Task brief:
Collect the lines of the entries where "Long" shows up.

[Short web captions]
= = = = =
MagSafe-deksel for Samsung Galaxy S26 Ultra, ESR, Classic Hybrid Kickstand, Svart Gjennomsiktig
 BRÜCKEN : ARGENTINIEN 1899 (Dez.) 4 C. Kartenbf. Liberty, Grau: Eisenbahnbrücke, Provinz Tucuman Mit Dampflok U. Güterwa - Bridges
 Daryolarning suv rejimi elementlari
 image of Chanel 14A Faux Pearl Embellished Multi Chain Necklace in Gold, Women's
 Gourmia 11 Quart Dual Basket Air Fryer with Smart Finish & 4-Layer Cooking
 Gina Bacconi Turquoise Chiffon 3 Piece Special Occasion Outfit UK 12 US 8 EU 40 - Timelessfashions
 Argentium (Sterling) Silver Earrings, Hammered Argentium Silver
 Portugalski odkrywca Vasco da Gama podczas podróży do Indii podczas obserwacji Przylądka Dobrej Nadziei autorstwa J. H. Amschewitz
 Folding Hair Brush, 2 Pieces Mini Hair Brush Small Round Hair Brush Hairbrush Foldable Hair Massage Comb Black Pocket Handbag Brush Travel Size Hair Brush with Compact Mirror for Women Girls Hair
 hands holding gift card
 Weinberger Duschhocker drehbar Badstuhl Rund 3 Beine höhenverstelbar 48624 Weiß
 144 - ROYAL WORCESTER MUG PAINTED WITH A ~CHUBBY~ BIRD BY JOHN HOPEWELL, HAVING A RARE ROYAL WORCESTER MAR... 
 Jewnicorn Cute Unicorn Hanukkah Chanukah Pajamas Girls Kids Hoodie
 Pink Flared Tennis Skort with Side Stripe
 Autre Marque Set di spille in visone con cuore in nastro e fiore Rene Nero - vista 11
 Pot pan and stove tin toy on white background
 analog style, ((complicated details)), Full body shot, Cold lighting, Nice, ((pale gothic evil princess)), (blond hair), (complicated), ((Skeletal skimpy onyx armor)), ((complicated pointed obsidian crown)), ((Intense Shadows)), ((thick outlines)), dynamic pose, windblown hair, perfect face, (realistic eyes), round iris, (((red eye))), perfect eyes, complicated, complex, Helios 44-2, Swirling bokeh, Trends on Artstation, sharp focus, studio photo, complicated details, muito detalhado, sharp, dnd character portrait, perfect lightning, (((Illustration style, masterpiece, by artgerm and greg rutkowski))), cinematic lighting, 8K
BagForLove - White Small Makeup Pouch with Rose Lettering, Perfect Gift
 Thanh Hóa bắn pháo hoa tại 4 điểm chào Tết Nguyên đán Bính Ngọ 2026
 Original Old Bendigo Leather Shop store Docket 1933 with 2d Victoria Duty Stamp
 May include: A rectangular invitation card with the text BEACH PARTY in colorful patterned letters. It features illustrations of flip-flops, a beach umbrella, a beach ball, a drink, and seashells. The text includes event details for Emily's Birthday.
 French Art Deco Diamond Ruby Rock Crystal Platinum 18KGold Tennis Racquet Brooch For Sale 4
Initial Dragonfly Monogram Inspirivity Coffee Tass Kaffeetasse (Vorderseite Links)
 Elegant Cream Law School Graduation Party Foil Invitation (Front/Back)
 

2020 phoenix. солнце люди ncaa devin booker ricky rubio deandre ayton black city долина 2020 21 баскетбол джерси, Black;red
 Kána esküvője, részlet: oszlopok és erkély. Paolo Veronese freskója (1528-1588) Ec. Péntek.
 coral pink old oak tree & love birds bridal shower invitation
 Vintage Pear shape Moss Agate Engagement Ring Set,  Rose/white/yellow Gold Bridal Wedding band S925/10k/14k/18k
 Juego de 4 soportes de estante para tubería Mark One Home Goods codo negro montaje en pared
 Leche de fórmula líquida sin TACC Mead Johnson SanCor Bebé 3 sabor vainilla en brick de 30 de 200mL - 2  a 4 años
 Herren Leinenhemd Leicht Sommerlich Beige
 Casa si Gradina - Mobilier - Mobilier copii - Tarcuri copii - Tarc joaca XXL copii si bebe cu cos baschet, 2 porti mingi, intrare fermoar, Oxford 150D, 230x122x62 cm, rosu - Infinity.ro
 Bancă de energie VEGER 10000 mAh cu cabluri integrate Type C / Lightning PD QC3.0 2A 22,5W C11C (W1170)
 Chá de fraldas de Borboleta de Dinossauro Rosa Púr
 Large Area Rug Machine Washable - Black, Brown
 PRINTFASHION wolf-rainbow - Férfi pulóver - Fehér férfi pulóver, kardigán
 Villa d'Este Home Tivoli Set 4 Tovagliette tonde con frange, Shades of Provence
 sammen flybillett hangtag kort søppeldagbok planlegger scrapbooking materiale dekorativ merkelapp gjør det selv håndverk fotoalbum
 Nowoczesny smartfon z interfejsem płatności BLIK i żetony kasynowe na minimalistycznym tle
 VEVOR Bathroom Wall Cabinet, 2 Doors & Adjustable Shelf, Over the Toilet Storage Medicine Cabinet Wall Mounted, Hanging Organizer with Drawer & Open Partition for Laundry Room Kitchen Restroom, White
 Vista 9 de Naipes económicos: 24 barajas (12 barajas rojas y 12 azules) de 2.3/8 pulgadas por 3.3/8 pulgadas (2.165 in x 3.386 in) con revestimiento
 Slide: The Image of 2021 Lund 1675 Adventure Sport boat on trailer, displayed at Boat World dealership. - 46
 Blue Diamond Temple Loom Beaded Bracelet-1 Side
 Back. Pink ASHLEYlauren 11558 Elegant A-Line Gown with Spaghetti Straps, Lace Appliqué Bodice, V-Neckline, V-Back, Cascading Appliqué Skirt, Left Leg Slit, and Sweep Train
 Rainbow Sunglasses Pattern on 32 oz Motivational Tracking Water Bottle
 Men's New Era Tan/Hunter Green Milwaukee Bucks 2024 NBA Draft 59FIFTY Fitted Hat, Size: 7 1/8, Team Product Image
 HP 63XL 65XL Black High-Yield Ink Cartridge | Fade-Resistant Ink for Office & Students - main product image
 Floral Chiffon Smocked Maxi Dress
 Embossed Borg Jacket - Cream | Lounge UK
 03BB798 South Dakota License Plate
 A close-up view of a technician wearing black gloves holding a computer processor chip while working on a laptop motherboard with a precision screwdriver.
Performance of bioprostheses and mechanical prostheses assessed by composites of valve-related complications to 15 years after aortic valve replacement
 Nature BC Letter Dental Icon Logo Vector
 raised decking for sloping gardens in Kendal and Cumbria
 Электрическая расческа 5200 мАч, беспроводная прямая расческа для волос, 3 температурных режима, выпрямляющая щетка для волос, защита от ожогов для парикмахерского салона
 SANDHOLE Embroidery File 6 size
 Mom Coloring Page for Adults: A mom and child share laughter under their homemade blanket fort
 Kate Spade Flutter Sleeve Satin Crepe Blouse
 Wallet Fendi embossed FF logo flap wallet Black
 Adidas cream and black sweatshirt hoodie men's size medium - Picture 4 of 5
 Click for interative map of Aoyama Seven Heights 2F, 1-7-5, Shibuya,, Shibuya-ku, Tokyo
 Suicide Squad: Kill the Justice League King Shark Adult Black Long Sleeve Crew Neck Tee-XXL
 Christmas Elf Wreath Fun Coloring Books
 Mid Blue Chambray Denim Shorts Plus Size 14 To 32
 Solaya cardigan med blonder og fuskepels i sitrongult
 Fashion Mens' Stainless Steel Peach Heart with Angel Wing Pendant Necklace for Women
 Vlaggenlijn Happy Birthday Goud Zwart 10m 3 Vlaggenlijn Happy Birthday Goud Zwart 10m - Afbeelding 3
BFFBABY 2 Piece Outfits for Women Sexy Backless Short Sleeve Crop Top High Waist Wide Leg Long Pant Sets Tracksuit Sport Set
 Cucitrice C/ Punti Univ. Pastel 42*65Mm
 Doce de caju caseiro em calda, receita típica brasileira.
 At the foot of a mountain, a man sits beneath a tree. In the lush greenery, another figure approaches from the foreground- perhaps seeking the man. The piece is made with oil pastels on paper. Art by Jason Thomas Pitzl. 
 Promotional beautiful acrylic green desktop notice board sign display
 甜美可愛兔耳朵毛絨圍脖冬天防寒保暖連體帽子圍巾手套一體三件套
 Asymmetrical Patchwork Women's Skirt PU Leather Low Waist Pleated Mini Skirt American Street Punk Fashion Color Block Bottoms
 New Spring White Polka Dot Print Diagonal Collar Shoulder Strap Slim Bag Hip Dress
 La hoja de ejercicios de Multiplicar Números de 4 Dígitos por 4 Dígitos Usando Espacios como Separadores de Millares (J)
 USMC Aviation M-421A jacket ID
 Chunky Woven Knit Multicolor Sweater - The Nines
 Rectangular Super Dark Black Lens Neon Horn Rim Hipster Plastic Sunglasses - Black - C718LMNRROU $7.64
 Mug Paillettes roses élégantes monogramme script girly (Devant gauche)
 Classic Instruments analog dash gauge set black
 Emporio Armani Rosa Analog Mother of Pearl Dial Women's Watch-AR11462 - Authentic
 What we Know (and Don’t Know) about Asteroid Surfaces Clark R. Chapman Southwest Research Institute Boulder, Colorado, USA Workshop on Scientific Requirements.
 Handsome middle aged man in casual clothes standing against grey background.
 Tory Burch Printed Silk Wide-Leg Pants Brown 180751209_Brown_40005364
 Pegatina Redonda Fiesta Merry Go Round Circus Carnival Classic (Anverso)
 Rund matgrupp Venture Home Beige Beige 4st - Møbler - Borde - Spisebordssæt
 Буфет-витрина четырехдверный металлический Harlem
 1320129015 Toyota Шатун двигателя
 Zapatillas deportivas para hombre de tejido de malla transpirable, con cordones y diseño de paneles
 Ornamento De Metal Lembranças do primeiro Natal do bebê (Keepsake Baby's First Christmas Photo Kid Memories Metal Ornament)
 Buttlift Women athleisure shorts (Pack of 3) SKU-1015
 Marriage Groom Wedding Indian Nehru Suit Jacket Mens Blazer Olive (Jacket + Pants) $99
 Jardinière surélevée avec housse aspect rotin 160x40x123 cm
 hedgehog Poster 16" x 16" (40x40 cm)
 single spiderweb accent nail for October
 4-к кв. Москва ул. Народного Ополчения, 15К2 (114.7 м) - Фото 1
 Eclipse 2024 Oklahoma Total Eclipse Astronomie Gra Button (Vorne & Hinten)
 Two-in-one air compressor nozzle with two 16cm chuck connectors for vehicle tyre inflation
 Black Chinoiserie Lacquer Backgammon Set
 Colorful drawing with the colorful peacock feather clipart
= = = = =
Written solution:
 Suicide Squad: Kill the Justice League King Shark Adult Black Long Sleeve Crew Neck Tee-XXL
BFFBABY 2 Piece Outfits for Women Sexy Backless Short Sleeve Crop Top High Waist Wide Leg Long Pant Sets Tracksuit Sport Set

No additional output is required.